It’s a snowy night in 1910 and Ursula Todd is struggling to breathe as the umbilical cord chokes her to death before she can barely experience birth. Darkness falls.
It’s a snowy night in 1910 and Ursula Todd is born with the help of Dr. Fellowes, who has arrived in time to help mother Sylvie with this tricky birth. And so Ursula’s life begins, until she drowns on a beach trip as a child. Darkness falls.
It’s a snowy night in 1910 and Ursula Todd is born, continuing to relive her life. Each time she instinctually learns to avoid what troubles occurred in a past (or parallel) life, feeling merely like déjà vu. Kate Atkinson’s newest novel Life After Life is a trippy, humorous exploration of life and fate. Ursula’s continuous lives take her through both World Wars, with devastating and intriguing consequences. Atkinson effortlessly captures each time period, with a sharp wit reminiscent of Forster or Waugh.
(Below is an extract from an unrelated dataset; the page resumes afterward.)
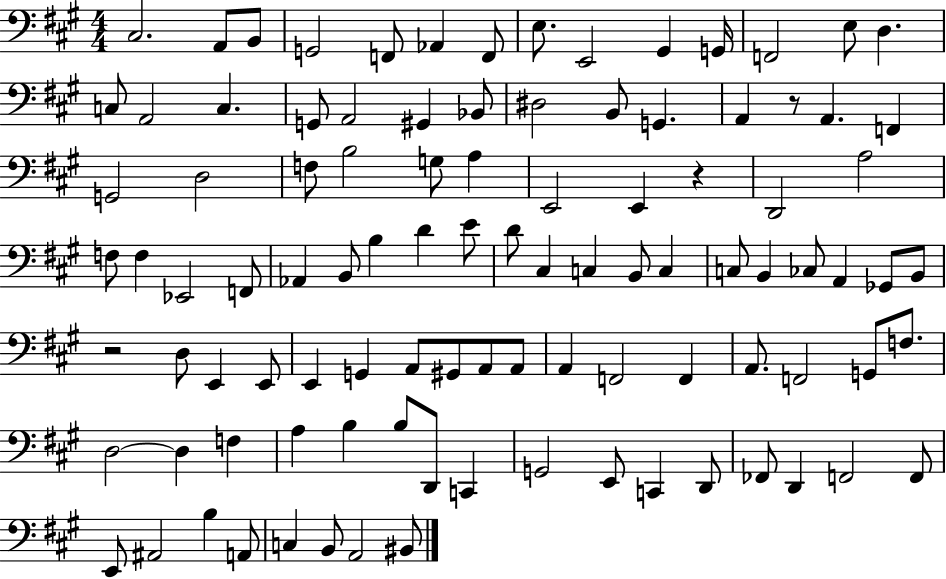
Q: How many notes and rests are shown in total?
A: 100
If the premise sounds too gimmicky, I can assure you it doesn’t read as such. Atkinson makes it easy to get involved in this single life, with crossover themes, characters, moments, that only serve to enrich each new chapter instead of making it feel like a tedious retread of the same events. If Dan Brown’s Inferno is an obvious, thriller page-turner, Life After Life is one of those rare literary page-turners that will keep you up into the wee hours of the night.
I’ve already declared The Unchangeable Spots of Leopards as the best novel of 2013—or at least my favorite book of the year—but Life After Life could easily rival it. Both are entertaining, addicting, witty, incisive, and thought-provoking. I continue to think about the lives of Ursula and their implications, and I’m already eager to reread the novel.